**Exercise description:**
Everything from the first line of the material below through the line containing "foil printed saree with blouse" is to be printed exactly, and nothing more.

**Exercise material:**

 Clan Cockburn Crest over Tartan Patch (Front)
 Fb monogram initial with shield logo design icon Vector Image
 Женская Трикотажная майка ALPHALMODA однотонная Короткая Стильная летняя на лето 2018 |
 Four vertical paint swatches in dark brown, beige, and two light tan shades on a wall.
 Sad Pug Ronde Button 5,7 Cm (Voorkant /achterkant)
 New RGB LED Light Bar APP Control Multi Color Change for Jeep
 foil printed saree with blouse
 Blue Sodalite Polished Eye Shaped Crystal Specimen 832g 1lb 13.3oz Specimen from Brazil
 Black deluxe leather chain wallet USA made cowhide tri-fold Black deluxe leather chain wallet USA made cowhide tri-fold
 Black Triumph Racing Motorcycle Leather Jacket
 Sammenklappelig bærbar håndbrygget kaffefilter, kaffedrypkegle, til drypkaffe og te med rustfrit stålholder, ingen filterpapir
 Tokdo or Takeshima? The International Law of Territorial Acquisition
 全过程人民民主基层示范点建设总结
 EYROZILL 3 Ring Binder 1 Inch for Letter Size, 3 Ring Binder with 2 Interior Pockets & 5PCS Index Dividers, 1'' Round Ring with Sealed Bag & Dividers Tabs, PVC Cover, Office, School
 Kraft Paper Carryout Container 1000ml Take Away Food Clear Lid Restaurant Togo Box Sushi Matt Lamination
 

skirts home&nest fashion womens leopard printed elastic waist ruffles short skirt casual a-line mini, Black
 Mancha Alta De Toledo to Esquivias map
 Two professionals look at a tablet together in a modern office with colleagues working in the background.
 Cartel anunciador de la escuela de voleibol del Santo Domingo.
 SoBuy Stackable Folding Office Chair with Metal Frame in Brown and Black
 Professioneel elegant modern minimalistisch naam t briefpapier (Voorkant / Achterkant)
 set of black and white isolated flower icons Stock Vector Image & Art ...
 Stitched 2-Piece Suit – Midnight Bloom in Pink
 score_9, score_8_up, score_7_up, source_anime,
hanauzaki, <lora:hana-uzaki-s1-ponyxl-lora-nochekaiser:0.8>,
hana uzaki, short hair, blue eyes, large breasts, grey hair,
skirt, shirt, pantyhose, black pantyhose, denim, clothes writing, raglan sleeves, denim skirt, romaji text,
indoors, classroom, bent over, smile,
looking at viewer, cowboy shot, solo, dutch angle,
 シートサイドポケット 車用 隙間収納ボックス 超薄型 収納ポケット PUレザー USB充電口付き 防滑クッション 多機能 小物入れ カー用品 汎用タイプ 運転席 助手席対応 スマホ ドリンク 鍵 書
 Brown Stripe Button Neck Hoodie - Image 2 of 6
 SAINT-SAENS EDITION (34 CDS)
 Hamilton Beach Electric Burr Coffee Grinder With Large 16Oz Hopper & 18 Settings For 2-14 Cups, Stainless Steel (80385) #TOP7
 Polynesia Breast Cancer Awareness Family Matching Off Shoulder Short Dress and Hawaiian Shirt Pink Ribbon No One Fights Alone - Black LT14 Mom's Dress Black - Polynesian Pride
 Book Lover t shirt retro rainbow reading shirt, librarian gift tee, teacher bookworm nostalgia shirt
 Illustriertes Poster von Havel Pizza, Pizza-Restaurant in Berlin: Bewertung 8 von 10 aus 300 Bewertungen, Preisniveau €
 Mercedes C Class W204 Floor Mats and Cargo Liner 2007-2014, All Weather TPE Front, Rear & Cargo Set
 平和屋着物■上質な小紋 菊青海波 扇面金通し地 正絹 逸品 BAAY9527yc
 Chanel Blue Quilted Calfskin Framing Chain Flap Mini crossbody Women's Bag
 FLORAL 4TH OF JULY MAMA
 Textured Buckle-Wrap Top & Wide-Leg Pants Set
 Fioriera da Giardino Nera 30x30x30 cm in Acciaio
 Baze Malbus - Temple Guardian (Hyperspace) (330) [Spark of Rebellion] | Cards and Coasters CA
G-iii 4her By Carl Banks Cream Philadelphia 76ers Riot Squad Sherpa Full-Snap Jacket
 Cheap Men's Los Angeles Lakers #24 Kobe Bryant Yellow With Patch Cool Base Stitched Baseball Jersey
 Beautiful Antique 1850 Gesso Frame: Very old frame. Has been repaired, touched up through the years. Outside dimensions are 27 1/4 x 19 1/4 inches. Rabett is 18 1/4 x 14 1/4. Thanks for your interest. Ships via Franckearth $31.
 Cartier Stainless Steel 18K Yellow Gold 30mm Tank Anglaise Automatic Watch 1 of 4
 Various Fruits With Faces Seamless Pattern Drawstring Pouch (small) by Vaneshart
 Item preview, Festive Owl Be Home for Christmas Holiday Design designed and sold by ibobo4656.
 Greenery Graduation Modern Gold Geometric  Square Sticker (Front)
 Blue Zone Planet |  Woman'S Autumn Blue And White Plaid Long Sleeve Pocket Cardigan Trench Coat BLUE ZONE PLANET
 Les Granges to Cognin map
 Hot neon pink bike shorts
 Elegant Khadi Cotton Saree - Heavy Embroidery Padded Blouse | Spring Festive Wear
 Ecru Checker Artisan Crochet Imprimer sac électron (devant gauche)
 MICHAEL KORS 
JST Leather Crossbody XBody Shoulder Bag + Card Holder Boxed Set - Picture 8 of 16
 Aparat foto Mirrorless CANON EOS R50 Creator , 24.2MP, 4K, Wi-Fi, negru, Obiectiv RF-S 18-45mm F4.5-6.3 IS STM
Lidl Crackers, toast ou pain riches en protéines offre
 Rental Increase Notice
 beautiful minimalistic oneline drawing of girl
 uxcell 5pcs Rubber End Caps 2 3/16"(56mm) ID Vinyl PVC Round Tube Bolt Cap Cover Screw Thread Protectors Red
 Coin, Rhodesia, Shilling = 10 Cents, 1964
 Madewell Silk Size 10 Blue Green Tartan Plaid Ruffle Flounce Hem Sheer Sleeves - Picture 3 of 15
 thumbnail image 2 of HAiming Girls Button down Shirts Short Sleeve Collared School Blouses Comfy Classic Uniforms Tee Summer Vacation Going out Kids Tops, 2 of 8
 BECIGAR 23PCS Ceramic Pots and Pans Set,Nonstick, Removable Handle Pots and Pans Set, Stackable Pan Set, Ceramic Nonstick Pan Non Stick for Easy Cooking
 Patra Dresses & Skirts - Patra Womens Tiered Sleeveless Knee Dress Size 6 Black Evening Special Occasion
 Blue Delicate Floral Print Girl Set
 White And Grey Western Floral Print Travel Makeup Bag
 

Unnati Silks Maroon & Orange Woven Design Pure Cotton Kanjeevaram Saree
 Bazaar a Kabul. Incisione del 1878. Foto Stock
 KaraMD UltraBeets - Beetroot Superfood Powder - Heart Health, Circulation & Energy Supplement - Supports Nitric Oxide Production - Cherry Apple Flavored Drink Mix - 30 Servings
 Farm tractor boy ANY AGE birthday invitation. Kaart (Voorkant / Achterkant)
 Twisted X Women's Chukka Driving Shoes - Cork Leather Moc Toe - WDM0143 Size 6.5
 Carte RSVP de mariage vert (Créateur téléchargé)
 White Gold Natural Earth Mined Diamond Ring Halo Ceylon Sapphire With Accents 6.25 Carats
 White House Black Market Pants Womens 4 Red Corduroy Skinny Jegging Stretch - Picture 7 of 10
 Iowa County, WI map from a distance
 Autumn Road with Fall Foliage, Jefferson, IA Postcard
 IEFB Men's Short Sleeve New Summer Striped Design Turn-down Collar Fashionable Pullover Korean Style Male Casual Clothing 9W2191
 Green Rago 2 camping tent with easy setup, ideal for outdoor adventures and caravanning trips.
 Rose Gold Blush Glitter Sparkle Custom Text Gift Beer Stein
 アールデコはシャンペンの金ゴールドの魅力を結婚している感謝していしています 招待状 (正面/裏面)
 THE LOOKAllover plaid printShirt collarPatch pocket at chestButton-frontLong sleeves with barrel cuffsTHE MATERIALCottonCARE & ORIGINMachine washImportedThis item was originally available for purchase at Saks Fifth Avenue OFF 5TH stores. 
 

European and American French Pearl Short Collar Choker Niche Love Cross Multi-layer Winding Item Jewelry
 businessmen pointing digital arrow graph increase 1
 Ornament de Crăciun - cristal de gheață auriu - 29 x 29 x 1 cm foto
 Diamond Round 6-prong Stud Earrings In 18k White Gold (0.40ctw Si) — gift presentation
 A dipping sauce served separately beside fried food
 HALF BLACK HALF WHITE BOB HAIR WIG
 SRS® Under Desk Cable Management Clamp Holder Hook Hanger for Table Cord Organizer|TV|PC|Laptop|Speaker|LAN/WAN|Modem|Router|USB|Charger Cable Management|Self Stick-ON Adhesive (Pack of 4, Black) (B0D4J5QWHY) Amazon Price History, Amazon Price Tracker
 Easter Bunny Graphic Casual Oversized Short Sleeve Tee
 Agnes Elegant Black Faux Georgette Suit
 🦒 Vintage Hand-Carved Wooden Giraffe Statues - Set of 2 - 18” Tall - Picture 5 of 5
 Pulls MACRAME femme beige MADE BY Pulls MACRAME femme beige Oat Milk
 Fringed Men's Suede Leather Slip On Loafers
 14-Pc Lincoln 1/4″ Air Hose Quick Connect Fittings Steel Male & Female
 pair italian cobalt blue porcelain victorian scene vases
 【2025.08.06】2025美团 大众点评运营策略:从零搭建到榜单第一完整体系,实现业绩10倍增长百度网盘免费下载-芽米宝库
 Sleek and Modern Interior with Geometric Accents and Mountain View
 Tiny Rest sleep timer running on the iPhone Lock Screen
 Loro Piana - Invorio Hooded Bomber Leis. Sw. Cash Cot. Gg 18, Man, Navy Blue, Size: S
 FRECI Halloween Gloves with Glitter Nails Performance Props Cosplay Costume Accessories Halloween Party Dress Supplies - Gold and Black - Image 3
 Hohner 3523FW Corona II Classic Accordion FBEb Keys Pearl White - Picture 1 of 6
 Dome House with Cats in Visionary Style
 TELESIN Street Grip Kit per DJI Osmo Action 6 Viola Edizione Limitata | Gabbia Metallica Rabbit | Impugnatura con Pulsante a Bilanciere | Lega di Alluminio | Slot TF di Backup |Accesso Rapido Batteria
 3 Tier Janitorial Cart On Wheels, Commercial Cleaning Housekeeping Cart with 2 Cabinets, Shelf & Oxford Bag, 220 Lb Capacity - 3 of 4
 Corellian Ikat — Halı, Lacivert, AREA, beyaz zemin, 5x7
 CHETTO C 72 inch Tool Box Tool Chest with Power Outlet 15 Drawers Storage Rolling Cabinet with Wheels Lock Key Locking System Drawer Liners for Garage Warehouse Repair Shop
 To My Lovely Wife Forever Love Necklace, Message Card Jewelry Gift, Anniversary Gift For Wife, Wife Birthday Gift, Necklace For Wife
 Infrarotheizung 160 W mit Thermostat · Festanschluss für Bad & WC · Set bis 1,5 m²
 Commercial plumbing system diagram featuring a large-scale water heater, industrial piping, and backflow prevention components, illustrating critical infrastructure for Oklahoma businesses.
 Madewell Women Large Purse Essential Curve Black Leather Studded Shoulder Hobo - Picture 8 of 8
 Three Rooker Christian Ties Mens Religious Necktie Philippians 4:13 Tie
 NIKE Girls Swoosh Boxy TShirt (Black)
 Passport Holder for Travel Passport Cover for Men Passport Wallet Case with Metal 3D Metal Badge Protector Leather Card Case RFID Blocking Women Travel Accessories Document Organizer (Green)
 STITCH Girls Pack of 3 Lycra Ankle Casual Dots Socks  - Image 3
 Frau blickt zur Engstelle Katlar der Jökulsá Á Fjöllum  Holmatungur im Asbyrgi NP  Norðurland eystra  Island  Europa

**Your response:**
 Clan Cockburn Crest over Tartan Patch (Front)
 Fb monogram initial with shield logo design icon Vector Image
 Женская Трикотажная майка ALPHALMODA однотонная Короткая Стильная летняя на лето 2018 |
 Four vertical paint swatches in dark brown, beige, and two light tan shades on a wall.
 Sad Pug Ronde Button 5,7 Cm (Voorkant /achterkant)
 New RGB LED Light Bar APP Control Multi Color Change for Jeep
 foil printed saree with blouse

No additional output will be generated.